The great thing about using lexicographic ordering constraints is that we can add multiple ones (to break several symmetries simultaneously), without them interfering with each other, as long as we keep the order in the first argument the same.

For the n-queens problem, unfortunately this technique does not immediately apply, because some of its symmetries cannot be described as permutations of the q array. The trick to overcome this is to express the n-queens problem in terms of Boolean variables that model, for each field of the board, whether it contains a queen or not. Now all the symmetries can be modeled as permutations of this array. Since the main constraints of the n-queens problem are much easier to express with the integer q array, we simply use both models together and add channeling constraints between them, as explained in Multiple Modelling and Channels.

The full model, with added Boolean variables, channeling constraints and symmetry breaking constraints is shown in Listing 2.6.7. We can conduct a little experiment to check whether it successfully breaks all the symmetry. Try running the model with increasing values for n, e.g. from 1 to 10, counting the number of solutions (e.g., by using the -s flag with the Gecode solver, or selecting “Print all solutions” as well as “Statistics for solving” in the IDE). You should get the following sequence of numbers of solutions: 1, 0, 0, 1, 2, 1, 6, 12, 46, 92. To verify the sequence, you can search for it in the On-Line Encyclopedia of Integer Sequences (http://oeis.org).
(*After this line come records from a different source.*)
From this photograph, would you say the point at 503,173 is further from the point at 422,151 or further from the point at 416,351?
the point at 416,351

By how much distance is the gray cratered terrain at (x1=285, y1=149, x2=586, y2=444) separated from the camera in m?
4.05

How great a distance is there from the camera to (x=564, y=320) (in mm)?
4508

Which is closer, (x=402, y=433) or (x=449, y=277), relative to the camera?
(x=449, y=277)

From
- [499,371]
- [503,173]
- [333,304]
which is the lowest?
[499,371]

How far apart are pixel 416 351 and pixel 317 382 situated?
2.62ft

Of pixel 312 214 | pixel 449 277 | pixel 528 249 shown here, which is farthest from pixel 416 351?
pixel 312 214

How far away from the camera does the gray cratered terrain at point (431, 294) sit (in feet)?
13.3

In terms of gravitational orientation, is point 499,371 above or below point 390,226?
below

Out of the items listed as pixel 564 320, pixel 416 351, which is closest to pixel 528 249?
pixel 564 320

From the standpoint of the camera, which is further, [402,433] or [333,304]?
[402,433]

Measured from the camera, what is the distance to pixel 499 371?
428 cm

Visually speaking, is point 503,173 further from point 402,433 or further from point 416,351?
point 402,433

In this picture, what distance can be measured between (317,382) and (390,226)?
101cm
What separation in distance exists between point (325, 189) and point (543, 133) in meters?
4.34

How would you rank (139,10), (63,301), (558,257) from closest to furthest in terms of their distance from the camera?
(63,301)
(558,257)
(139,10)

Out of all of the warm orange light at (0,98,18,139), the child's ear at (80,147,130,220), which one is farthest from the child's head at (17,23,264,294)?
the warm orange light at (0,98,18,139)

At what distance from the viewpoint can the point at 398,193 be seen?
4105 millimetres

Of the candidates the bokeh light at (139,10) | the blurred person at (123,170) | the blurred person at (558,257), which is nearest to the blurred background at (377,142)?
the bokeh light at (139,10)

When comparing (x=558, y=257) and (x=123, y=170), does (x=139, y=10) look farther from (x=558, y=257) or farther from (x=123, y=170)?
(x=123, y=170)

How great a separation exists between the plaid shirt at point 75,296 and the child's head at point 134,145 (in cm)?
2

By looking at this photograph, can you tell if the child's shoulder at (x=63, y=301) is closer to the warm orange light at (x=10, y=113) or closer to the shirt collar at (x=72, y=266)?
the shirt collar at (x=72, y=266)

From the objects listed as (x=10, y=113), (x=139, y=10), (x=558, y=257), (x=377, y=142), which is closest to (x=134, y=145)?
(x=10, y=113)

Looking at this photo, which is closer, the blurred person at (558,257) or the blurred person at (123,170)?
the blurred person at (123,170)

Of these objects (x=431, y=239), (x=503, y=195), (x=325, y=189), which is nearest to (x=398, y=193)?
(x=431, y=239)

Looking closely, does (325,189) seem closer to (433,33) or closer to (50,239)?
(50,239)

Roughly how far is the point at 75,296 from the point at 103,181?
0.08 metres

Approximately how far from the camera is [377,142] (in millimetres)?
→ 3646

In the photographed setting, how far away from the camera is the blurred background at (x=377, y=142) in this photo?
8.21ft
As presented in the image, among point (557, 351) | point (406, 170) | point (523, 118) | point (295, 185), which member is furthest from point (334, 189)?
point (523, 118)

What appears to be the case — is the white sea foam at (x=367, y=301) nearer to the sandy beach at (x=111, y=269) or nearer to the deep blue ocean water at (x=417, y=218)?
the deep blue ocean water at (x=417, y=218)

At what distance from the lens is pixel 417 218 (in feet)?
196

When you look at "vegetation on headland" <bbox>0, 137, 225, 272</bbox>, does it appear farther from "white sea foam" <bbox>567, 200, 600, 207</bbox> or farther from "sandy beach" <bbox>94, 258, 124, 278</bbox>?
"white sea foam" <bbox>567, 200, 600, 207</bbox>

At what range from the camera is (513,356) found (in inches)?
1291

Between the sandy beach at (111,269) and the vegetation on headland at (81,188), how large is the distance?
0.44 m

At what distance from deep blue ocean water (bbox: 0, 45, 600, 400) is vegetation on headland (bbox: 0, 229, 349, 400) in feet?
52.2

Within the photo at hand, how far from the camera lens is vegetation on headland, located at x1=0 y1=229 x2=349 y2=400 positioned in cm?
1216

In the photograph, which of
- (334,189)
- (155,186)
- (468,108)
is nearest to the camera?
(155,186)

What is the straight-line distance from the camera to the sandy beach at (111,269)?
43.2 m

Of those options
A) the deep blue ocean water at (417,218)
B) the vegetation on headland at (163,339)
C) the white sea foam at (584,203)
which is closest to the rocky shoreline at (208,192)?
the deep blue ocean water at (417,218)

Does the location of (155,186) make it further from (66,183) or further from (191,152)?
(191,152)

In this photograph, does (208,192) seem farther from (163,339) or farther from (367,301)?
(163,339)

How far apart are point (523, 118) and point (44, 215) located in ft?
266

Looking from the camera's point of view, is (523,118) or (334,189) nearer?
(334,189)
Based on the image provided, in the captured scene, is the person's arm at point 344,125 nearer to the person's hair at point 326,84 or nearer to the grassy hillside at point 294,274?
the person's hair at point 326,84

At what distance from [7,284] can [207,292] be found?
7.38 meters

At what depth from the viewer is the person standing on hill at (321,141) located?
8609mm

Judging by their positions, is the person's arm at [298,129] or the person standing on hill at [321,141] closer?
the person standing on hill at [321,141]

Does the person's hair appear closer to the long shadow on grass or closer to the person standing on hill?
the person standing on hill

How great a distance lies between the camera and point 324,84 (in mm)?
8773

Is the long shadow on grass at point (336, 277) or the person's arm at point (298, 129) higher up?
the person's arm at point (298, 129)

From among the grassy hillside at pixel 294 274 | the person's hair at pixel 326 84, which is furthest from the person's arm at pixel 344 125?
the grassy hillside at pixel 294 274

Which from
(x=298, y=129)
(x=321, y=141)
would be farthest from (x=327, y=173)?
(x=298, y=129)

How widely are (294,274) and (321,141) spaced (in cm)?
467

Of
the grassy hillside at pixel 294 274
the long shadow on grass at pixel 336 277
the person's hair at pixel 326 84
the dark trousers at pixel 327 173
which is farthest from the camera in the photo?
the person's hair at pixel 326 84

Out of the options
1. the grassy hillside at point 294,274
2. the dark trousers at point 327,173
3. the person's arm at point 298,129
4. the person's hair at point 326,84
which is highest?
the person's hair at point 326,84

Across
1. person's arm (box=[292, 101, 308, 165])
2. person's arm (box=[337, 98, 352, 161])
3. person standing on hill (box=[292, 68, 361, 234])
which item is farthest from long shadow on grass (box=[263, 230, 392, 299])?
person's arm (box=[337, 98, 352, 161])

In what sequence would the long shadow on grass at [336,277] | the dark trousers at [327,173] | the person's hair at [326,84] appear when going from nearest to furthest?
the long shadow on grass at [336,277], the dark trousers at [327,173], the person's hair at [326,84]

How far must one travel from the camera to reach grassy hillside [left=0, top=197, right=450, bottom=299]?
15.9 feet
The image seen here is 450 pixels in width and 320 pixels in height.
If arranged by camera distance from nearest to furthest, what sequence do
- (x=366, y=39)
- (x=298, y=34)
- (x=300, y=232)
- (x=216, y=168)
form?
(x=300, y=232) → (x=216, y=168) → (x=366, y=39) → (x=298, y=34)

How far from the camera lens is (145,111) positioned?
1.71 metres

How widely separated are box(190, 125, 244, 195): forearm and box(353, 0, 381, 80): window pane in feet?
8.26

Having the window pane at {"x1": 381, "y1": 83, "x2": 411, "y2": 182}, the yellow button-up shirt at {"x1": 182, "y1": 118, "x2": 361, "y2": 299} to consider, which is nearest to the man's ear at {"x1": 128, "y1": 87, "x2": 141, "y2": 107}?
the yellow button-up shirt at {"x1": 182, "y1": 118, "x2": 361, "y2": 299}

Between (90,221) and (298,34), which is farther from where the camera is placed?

Listing 2.6.7 Partial model for n-queens with symmetry breaking (full model: nqueens_sym.mzn).
% Map each position i,j to a Boolean telling us whether there is a queen at i,j
array[1..n,1..n] of var bool: qb;

% Channeling constraint
constraint forall (i,j in 1..n) ( qb[i,j] <-> (q[i]=j) );

% Lexicographic symmetry breaking constraints
constraint
    lex_lesseq(array1d(qb), [ qb[j,i] | i,j in 1..n ])
/\  lex_lesseq(array1d(qb), [ qb[i,j] | i in reverse(1..n), j in 1..n ])
/\  lex_lesseq(array1d(qb), [ qb[j,i] | i in 1..n, j in reverse(1..n) ])
/\  lex_lesseq(array1d(qb), [ qb[i,j] | i in 1..n, j in reverse(1..n) ])
/\  lex_lesseq(array1d(qb), [ qb[j,i] | i in reverse(1..n), j in 1..n ])
/\  lex_lesseq(array1d(qb), [ qb[i,j] | i,j in reverse(1..n) ])
/\  lex_lesseq(array1d(qb), [ qb[j,i] | i,j in reverse(1..n) ])
;

2.6.6.2. Other Examples of Symmetry

Many other problems have inherent symmetries, and breaking these can often make a significant difference in solving performance. Here is a list of some common cases:

  • Bin packing: when trying to pack items into bins, any two bins that have the same capacity are symmetric.
  • Graph colouring: When trying to assign colours to nodes in a graph such that adjacent nodes must have different colours, we typically model colours as integer numbers. However, any permutation of colours is again a valid graph colouring.
  • Vehicle routing: if the task is to assign customers to certain vehicles, any two vehicles with the same capacity may be symmetric (this is similar to the bin packing example).
  • Rostering/time tabling: two staff members with the same skill set may be interchangeable, just like two rooms with the same capacity or technical equipment.